__Supplied entries__.
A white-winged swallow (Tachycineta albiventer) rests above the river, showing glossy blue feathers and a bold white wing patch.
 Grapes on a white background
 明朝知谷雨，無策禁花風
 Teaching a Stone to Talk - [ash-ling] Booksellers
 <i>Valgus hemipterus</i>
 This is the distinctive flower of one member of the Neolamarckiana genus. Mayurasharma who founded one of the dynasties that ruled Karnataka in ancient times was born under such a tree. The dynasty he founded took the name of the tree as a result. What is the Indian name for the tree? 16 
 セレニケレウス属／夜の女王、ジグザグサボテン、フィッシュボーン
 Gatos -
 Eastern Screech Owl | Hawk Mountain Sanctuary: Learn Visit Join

__About this task__. From the data above, gather every line that includes the word "white".

__The completed task__.
A white-winged swallow (Tachycineta albiventer) rests above the river, showing glossy blue feathers and a bold white wing patch.
 Grapes on a white background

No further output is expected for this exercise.